We have just built up to 4400 points, 4580 to be exact, and because the last unit we purchased is an EOY 1400 point unit in Sedona we will have the 4580 points only on odd years... which we feel is going to work better for us... I work in the Tech sector and we get an 8 week sabbatical every 7 years and I'm overdue, so we will "have" to take 8 weeks off either this year or next.

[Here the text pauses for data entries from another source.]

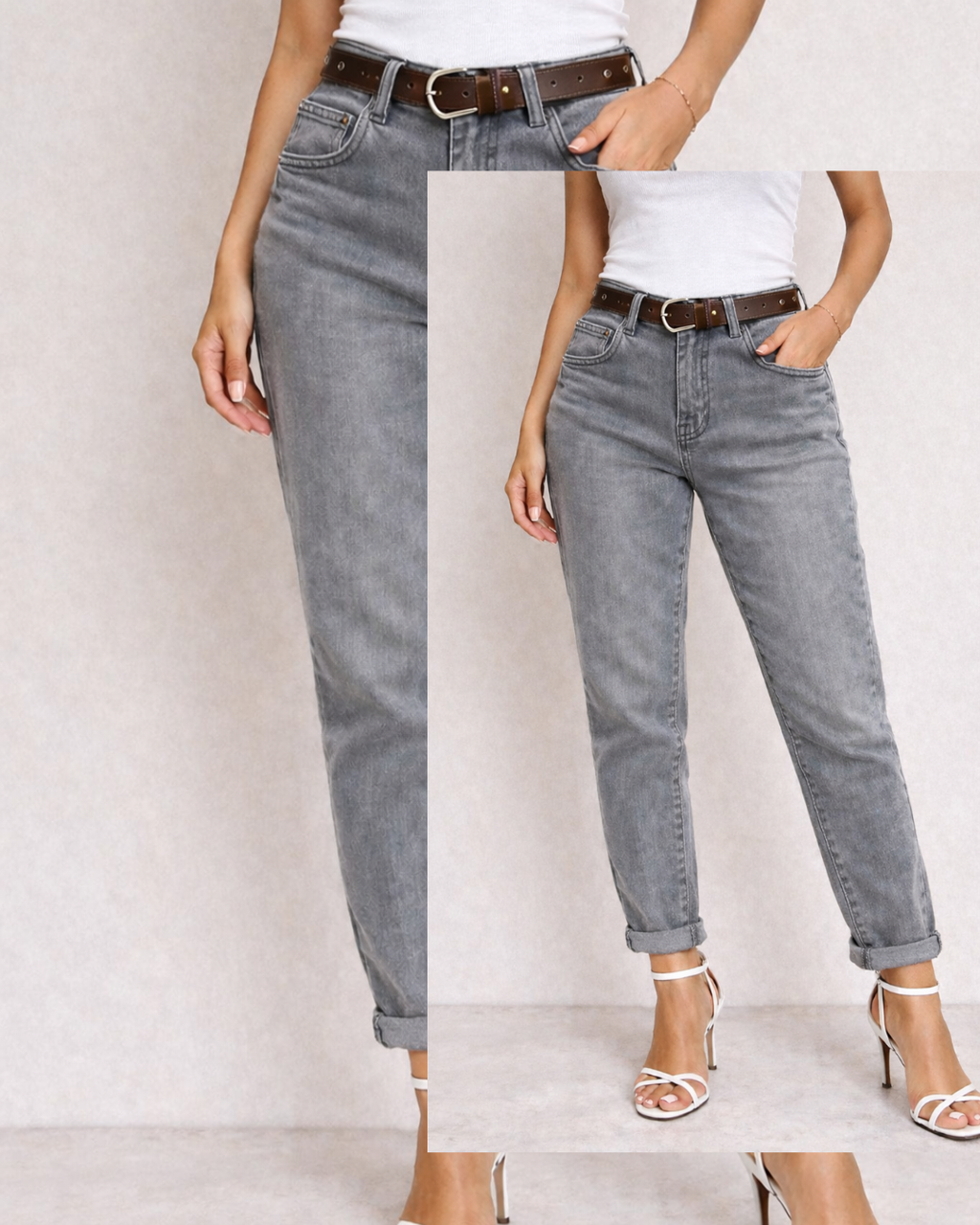 Spodnie Jeans Mom Fit Spodnie z paskiem
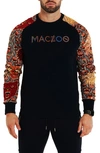 Maceoo Men's Graphic Luxe Raglan Sweater In Blue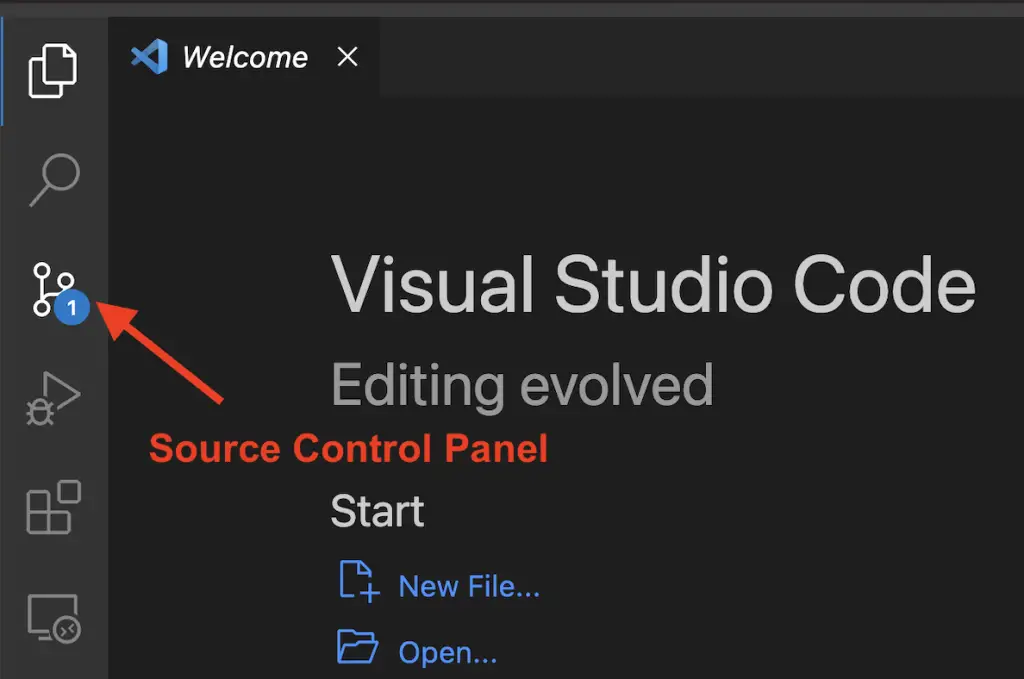 Source control panel in VS Code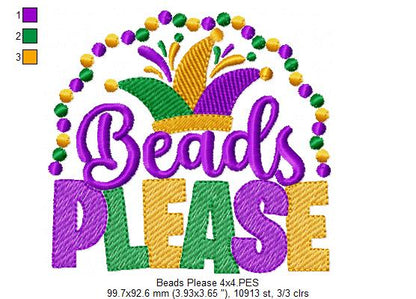 Beads Please - Fill Stitch - Machine Embroidery Design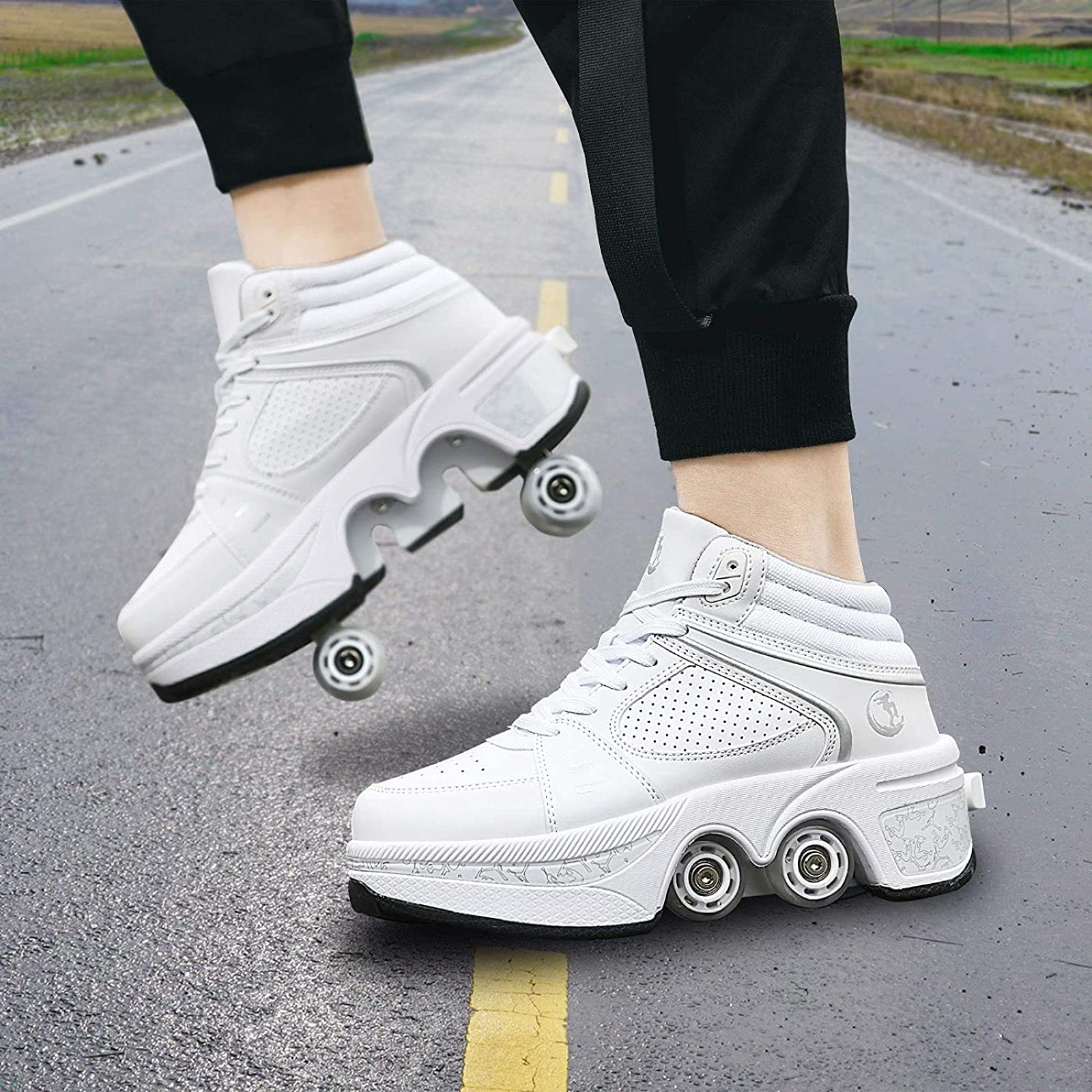 Rollschuhe, 2-in-1-mehrzweck-schuhe Quad Roller Skates, Roller Erwachsene Skates,41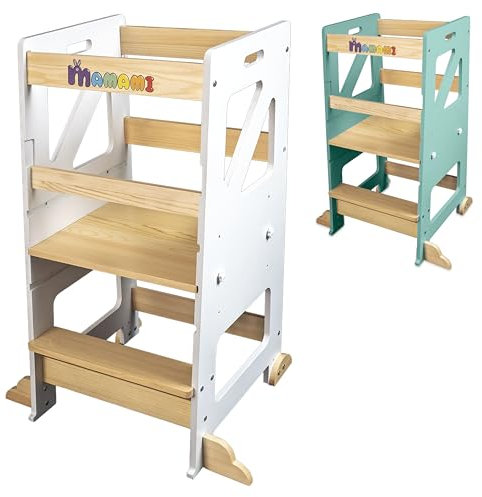 MAMAMI® Montessorianischer Turm für Kinder, Lernturm mit verstellbarer Höhe, Kippschutz auf allen Seiten, rutschfest, robust aus Kiefernholz, 48 x 45 x 90 cm (Weiß/Naturholz)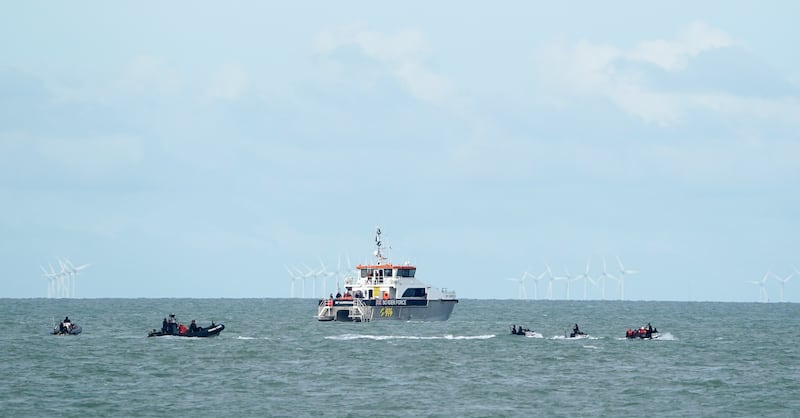 UK Border Force officers practice intercepting small boats crossing the English Channel. They have been accused of rehearsing 'pushback' tactics to return migrant boats to French waters. PA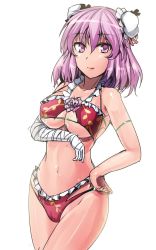 Rule 34 | 1girl, adapted costume, bandaged arm, bandages, bikini, breasts, bun cover, cleavage, closed mouth, cowboy shot, double bun, flower, hair bun, hand on own hip, highres, ibaraki kasen, large breasts, looking at viewer, navel, one-hour drawing challenge, pink eyes, pink flower, pink hair, pink rose, red bikini, rose, smile, solo, stomach, swimsuit, touhou, underboob, white background, y2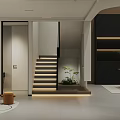 Modern Basement Space With Stairs And Greenery 3d model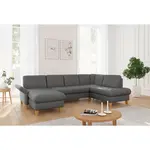 Sit & More SEDACÍ SOUPRAVA, textil, tmavě šedá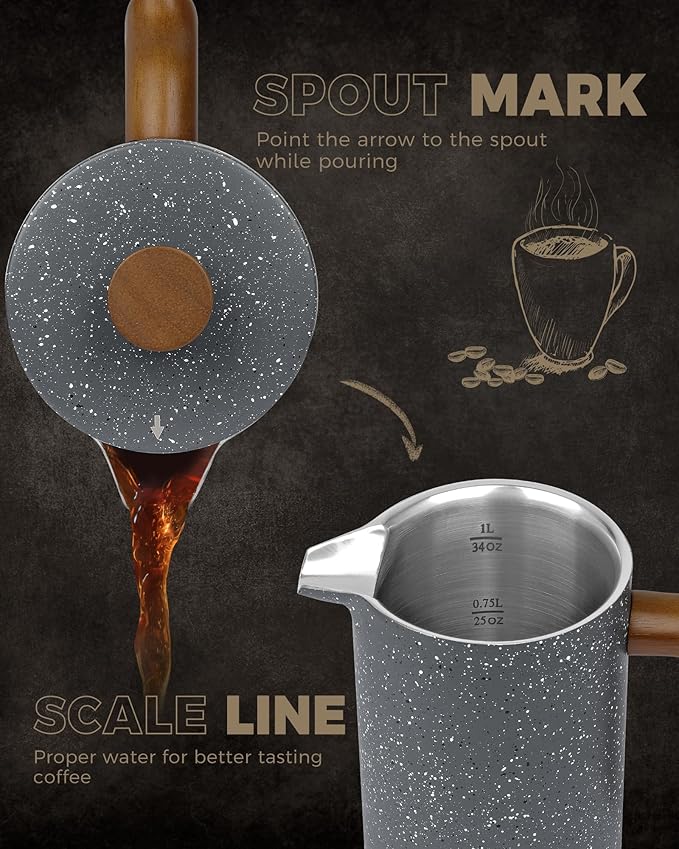 POLIVIAR French Press Coffee Maker, 34 Ounce Coffee Press with Real Wood Handle, Double Wall Insulation & Dual-Filter Screen, Food Grade Stainless Steel for Good Coffee and Tea (Lava)
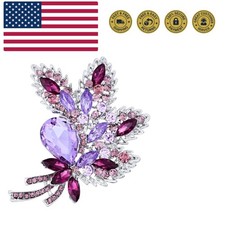 Wedding Bridal Big Crystal Rhinestone Bouquet Brooch Pin for Women purple lea...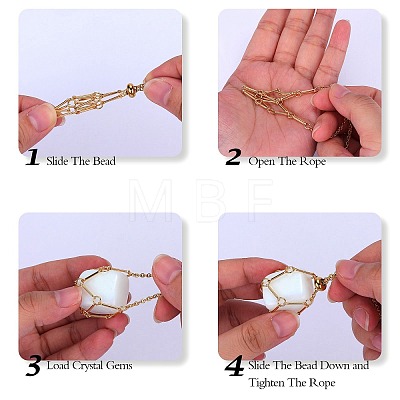 2Pcs 2 Style Brass Braided Macrame Pouch Empty Stone Holder for Pendant Necklaces Making NJEW-SZ0001-65B-1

So we hope we have aligned ourselves with point amounts that we can realistically use.

Last year for an example we stayed in Hyatt VC's 28 nights.

Dec 31st- Jan 2nd *2* nights at *Hyatt Pinon Pointe* in Sedona for New Years
March 11th- March 15th *4* nights Spring Break at *Hyatt Highlands Inn* in Carmel, CA
May 29th thru June 2nd *4* nights at *Hyatt High Sierra Lodge* at Lake Tahoe for Memorial Day week
Oct 27th thru Nov 3rd *7x2=14 *nights (friends family and stayed also at the same time) at *Residences at Park Hyatt Beaver Creek* in Beaver Creek, Colorado... 3 bedroom
Nov 3-7th (I think) PLUS *4* additional nights (also 3 bedroom) at *Hyatt Aspen*


Whatever those points add up too but I think we did all that with only 1880 points since I think we had sold our other Beach House at that point (later to rebuy only a few months back)

So really 4 weeks with 1880 points... however I think going forward we anticipate that the weeks will cost more points... so even 4580 total points may still only mean 4-5 weeks worth of Hyatt time, but full weeks instead of midweek stays like we have done when it makes sense.

I do think you have to be careful to not purchase more time than you can realistically use since the value part of resale timeshares starts to drop off if your unable to use the weeks in a way that really is a good vacation.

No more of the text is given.